Recordemos también cómo a medida que iba escribiendo Pedro Páramo, Juan Rulfo sometía al taller literario de la editorial, capítulos y párrafos de su obra. Tanto Alí Chumacero como Ricardo Garibay escuchaban con desgano las alucinadas páginas de aquella extraña narración. “No tiene hilo conductor”, decía el uno, “por lo tanto no va a ninguna parte”. “Hombre, Juan”, decía el otro, “ponte a leer novelas antes de escribirlas”. Y el pobre Rulfo, sin dar explicaciones, continuaba la escritura hasta que la terminó y la entregó a los editores, quienes la publicaron debido al éxito obtenido dos años atrás con los cuentos de El llano en llamas.
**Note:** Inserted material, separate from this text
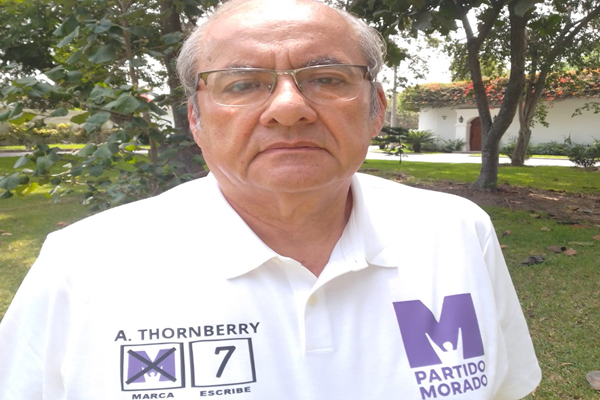 “Para los jóvenes, que entran a un mundo nuevo y muchas veces hostil, la poesía ofrece la posibilidad de re-crear la realidad y hacerla, por ese medio, más fácil de aceptar”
Aunque parezca increíble, Alí Chumacero, jefe de prensa de la editorial, escribió una reseña diciendo que el libro no valía la pena. Rulfo se resignó ante el aparente fracaso y se fue a trabajar dos años, aislado del mundo, a Ciudad Alemán, en Veracruz. Cuando regresó al Distrito Federal encontró que su novela no solamente se había agotado, sino que estaba estudiándose en universidades mexicanas y extranjeras, y traduciéndose al inglés, al francés y al alemán. Además, día a día se convertía en el santo y seña de todo México.
Otros escritores que recibieron la bofetada del rechazo, por lo menos media docena de veces, fueron: Miguel Ángel Asturias con El señor presidente –tuvo que acudir a un préstamo de su madre, doña María Rosales de Asturias, para poder editarlo en Costa-Amic de México–, Richard Bach con Juan Salvador Gaviota –se vio obligado a vender su avioneta y hasta la esposa le dejó ante los sucesivos fracasos y rechazos editoriales– y el poeta peruano César Moro. Cuenta Augusto Monterroso que el gran libro de Moro, La tortuga ecuestre,“pasó durante algunos años por manos de varios editores argentinos que se negaron siempre a publicarlo”. No me extraña que el inefable señor De Torre hubiera sido el inquisidor de turno, pues según me contó Cobo Borda en La Habana,  también rechazó en su momento el manuscrito deLibertad bajo palabra, el libro capital de Octavio Paz.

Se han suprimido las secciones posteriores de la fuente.